A lineup that reflects how far the award has come: no longer FemTech alone, but health, energy, climate, materials and mining.

Bloomberg Awards: the faces of a tech decade

The day’s other honors, the Bloomberg Awards, recognized figures spanning research, entrepreneurship and investment: Sir Tim Berners-Lee (Visionary), inventor of the World Wide Web and CTO of Inrupt; Joe Tsai (Leadership), founder and chairman of Alibaba Group; Yann LeCun (Momentum), executive chairman of AMI Labs; Peter Steinberger (Breakthrough), creator of OpenClaw; Jeannette zu Fürstenberg (Investor), of General Catalyst; May Habib (Rising Star), co-founder and CEO of Writer; and Ukraine (CitizenTech).

The lines that defined the edition

Beyond the trophies, it was the executives’ words that set the tone.

On sovereignty, Aliette Mousnier-Lompré (Orange Business) was blunt: digital sovereignty doesn’t exist, the supply chain too tangled for anyone to be fully sovereign. What clients want, she said, is trust — resilience and options, not lock-in.

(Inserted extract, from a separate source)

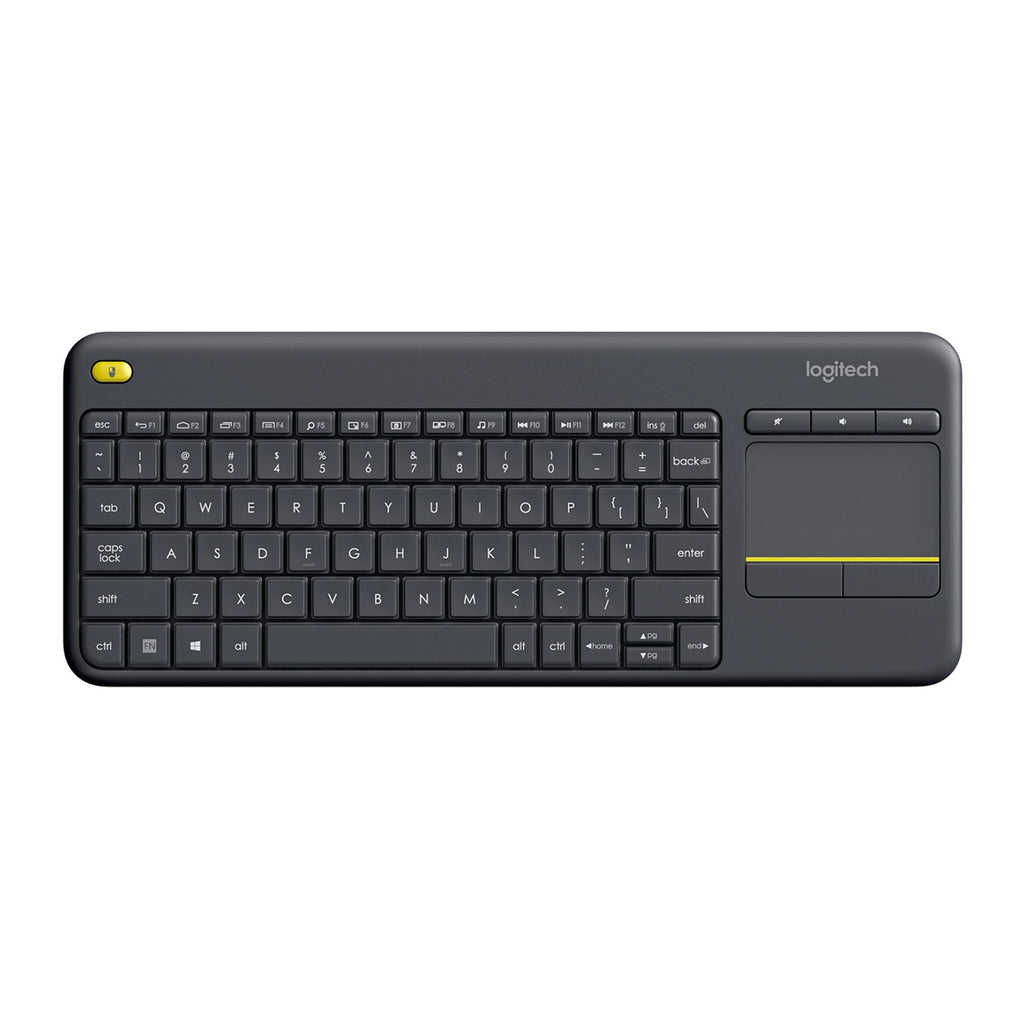Logitech teclado inalambrico touch K400 PLUS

Cedrik Neike (Siemens) offered a reminder that some tasks tolerate no approximation: get a one-nanometer chip wrong and you can scrap half a billion dollars of wafers — a field where AI estimates simply won’t do.

Joe Tsai (Alibaba) made the case for open source: a model you download into your own data center, he noted, ends up “completely independent” from its maker — an answer to enterprises’ need to protect proprietary data. The flip side, said Ana Paula Assis (IBM), is governance: with companies now running multiple agents at once, orchestrating them — and keeping visibility for cybersecurity — has become decisive.

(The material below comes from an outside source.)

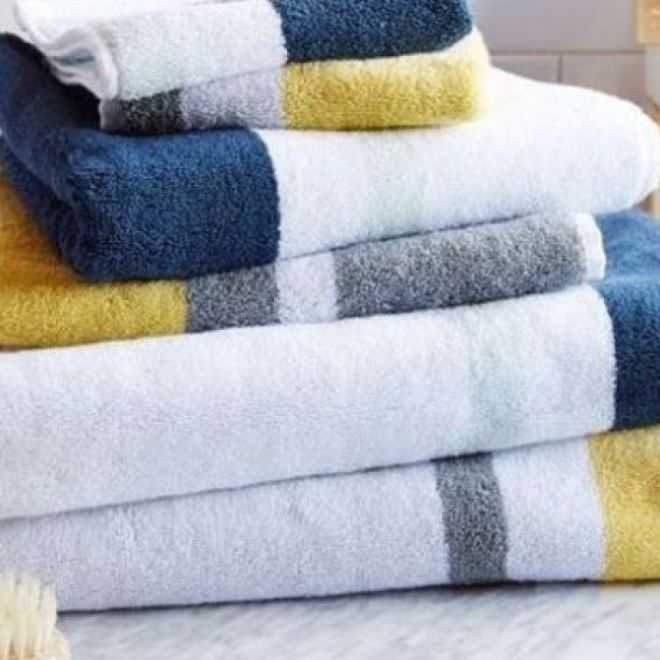 Как стирать махровые пушистые полотенца, чтобы они были мягкими?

Thibault Sottiaux (OpenAI) described demand surging since GPT-5.5, and a mission to put “a personal AGI in everyone’s pocket.” And Elizabeth Stone (Netflix) summed up a growing creative-industry stance: provide the tools, leave the choice to creators — some want nothing to do with AI, “and that’s fine”; others see stories they couldn’t tell without it.

Saturday belongs to the public

With these prizes, VivaTech 2026 closed its professional run. On Saturday, June 20, the VivaTech Festival opens the doors to the general public — humanoid robots, live demos and workshops — a fitting close to an anniversary edition that, ten years on, kept its promise: tech measured by its impact, not its illusions.